Markets fell in Asia on Thursday as traders contemplated the prospect of more central bank interest rate hikes as they struggle to tame persistently high inflation.
Federal Reserve boss Jerome Powell dealt a blow to investors hoping its tightening cycle may be near an end by warning US lawmakers it "may make sense" to keep lifting.
His comments came as pressure built on the Bank of England to announce a bigger-than-expected increase at Thursday's meeting after news that United Kingdom inflation was unchanged at 8.7 per cent in May, confounding forecasts.
The European Central Bank last week joined Canada and Australia in hiking further, with Switzerland and Norway tipped to follow suit.
After holding rates last week for the first time since starting last March, speculation had been growing that the Fed was close to calling it a day altogether, thanks to slowing price rises and a softer jobs market.
However, in congressional testimony on Wednesday, Powell said, "Given how far we've come, it may make sense to move rates higher but to do so at a more moderate pace."
He added that while progress was being made -- inflation dropped to 4 per cent last month from 4.9 per cent in April -- it "has consistently surprised us -- and essentially all other forecasters -- by being more persistent than expected."
Two more rate hikes this year was "a pretty good guess," he said.
The Fed has already raised its benchmark lending rate by five percentage points since March 2022, from close to zero to 5 per cent - 5.25 per cent.
Traders say there is a 75 per cent probability officials will hike by 25 basis points at their July meeting, according to data from CME Group.
The expected increase in rates has revived worries the economy will tip into recession.
"The Fed is clearly not nearing the end of its tightening cycle and if other central banks seem poised to deliver more than a couple rate hikes, that might make it easier for the Fed to remain aggressive with tightening," said OANDA's Edward Moya.

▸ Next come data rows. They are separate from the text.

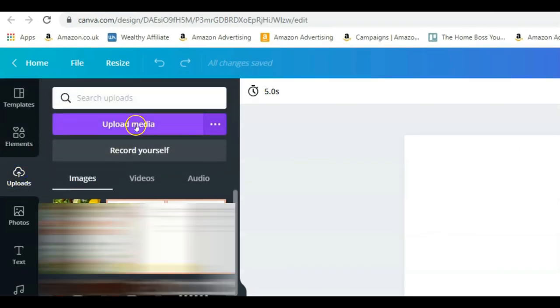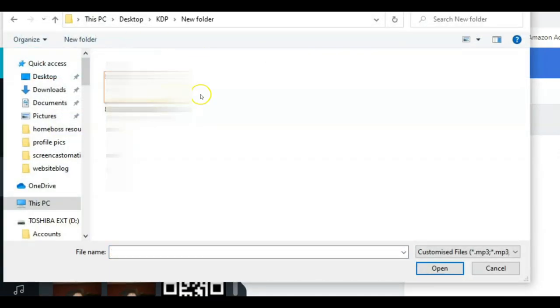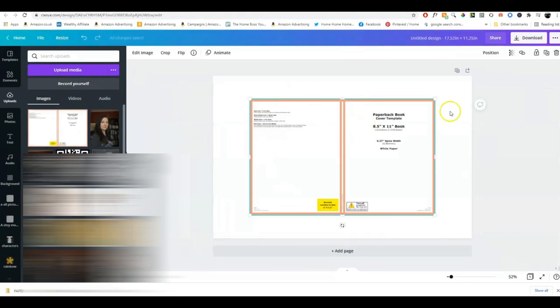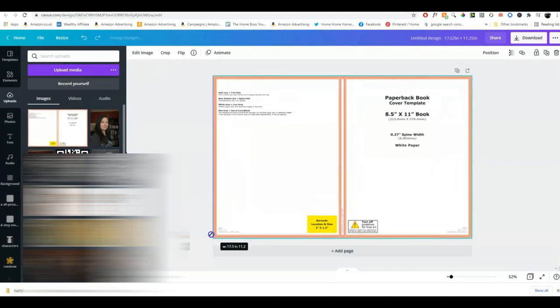Go onto uploads, click 'upload media,' find your template where you stored it, click open, and it will upload onto Canva. We have our template uploaded, and now we can click on it and place it onto our canvas — just make it fit, and you can see it fits perfectly. Now we can design our cover: the front cover goes in this section, this will be the spine, and this will be the back cover. You can see where they've left a little place for the barcode, so make sure you don't put anything important there.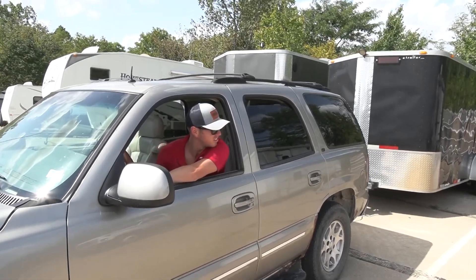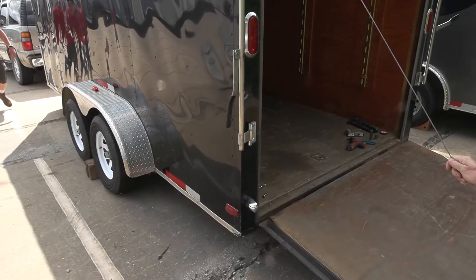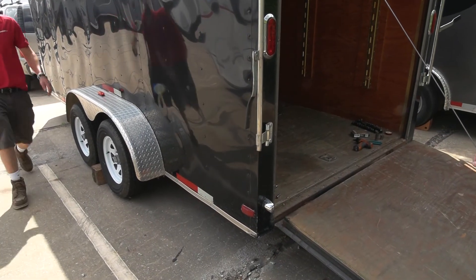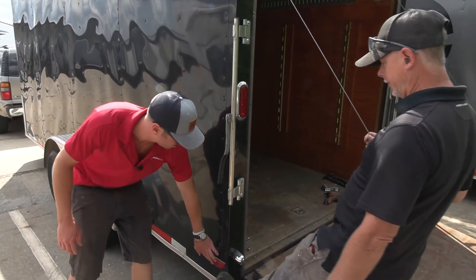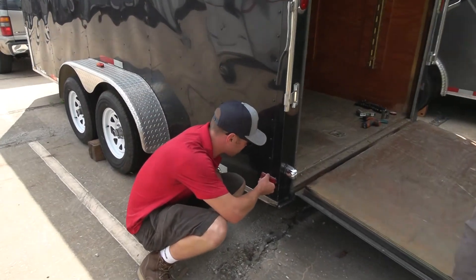Is it working yet Joe? No, no lights out here. We got lights up here but why don't we have... so this guy's not working? It's not here, the bulb's bad. That's a problem.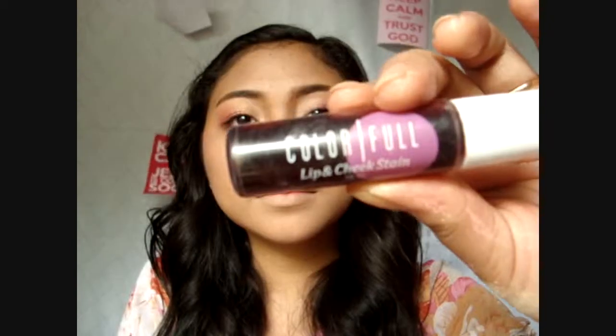Now speaking of gradient effect, let's move on to the famous Korean gradient lip. Lighten the sides of your lips with BB cream, then with a lip tint, apply this only on the center of your lips — that is to make your lips look smaller.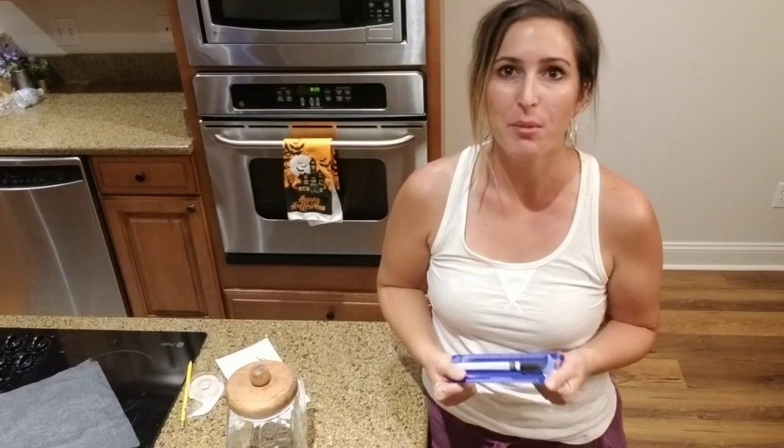Hey guys, it's Julie with Julie's Designs. I'm in my kitchen and tonight I'm going to be trying something new.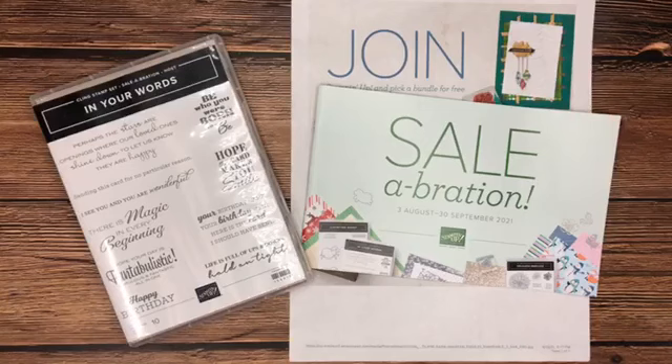Hi there, it's Carrie from Stamp with CT. Welcome — it's time for our Facebook Live! It's a little cloudy Wednesday morning. I'll wait just a second to see if anybody can join me live, but if you're watching the replay, please say hello and type in 'replay' — this helps me know who my videos have reached. If you're watching on YouTube, I hope you'll leave a comment and hit that like button. If you have not already subscribed to my channel, I would appreciate that.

"Powell said lowering inflation has a long way to go and that could very well mean that they won't stop until the fall."
All three main indexes on Wall Street fell for a third straight session, and Asia followed on Thursday.

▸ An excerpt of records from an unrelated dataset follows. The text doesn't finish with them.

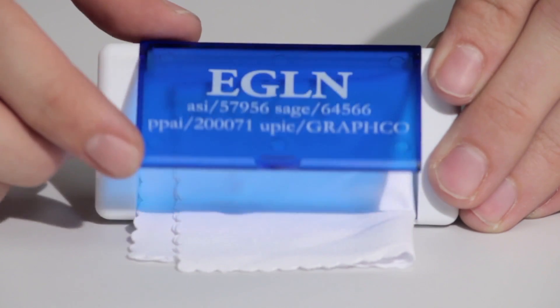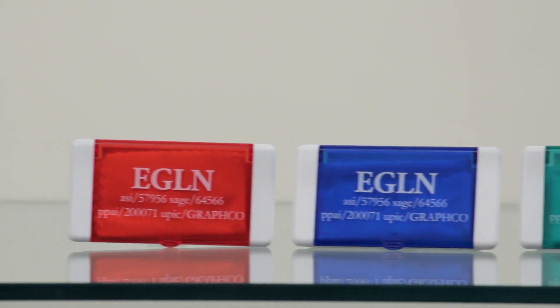These cases come in three different colors, including red, green, and blue. These are the perfect colors for a nice, bold, black or white imprint of your logo that stands out more than others.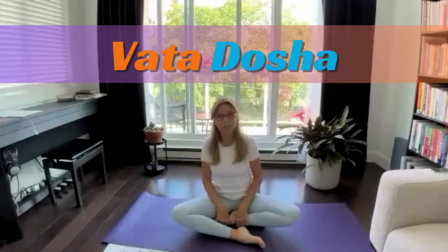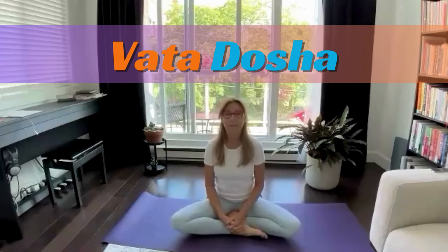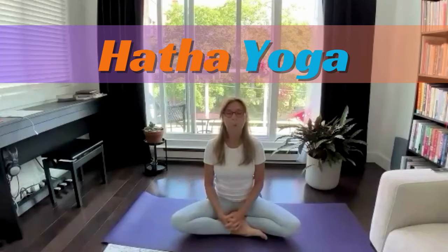Today in our practice, we will bring our attention on Vata Dosha. I'll explain a little bit, not too much about Vata. We'll dive into the practice right after our Pranayama introduction.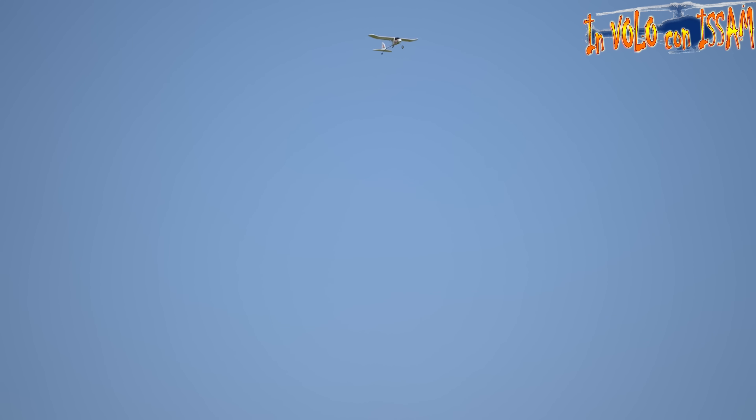Questo aereo può fare un po' di acrobazie. Non provo neanche a fare un roll a causa delle ali con diedro, però proviamo a fare un power loop che molto probabilmente ce la fa. Faccio il giro — ce la fa a malapena! Sono molto curioso di vedere quanto dura la batteria Li-ion da 900 mAh con questo aereo. Montiamola subito e facciamo un po' di voli a velocità variabile per vedere quanto dura.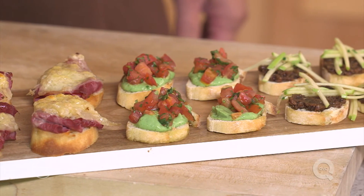If you've got some ideas for quick and easy appetizers, leave those recipes in the comments below. And if you'd like to see more of these videos, simply click on the subscribe button.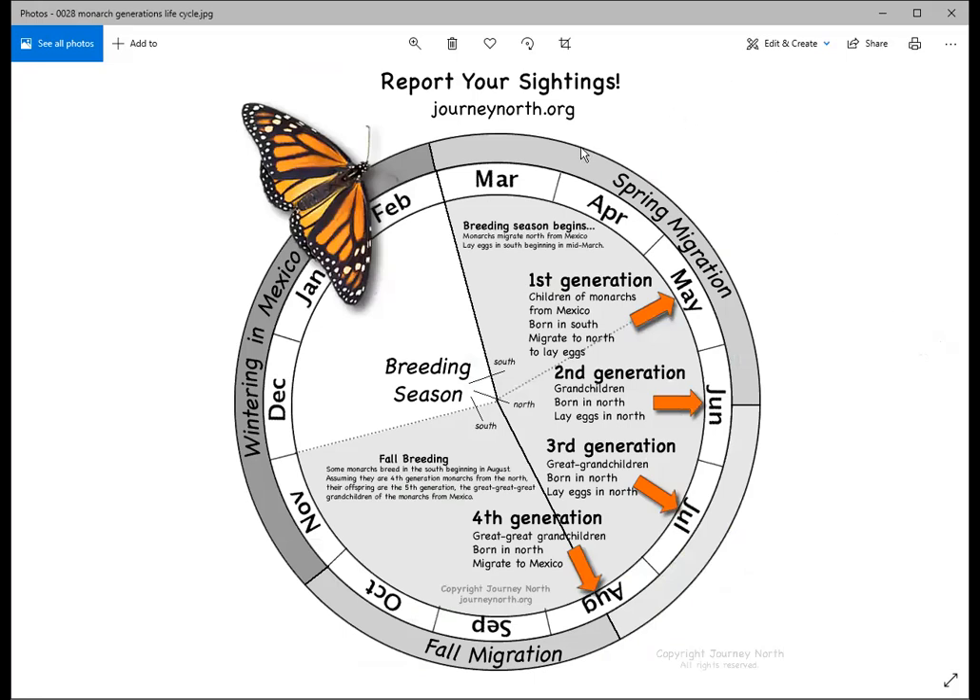The lifespan varies by generation. Spring generations live about a month and lay eggs. But that fourth generation, emerging around August or September, lives eight to nine months. They migrate back to their overwintering site and enter a state called diapause — not laying eggs, just huddling in trees, going down for nectar when needed, and waiting for spring.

Sydney, Singapore, Manila, Wellington and Jakarta were all in the red and Tokyo was flat, though Seoul eked out a gain.
Hong Kong and Shanghai were closed.
Markets across Asia have gone into reverse this week, having enjoyed a healthy run-up in previous weeks on hopes that the tightening cycle was nearing an end and on talk that China was preparing a raft of stimulus measures.
The optimism was fanned by the central bank's decision to cut borrowing costs last week, though a smaller-than-expected reduction in the main benchmark rate this week knocked confidence.
The failure of Beijing to unveil any concrete policies to kickstart the stuttering economy has fed fears that the recovery from a Covid lockdown-induced slowdown has already come to an end.
Analysts said the traders are now looking ahead to a key meeting next month that will be headed by President Xi Jinping.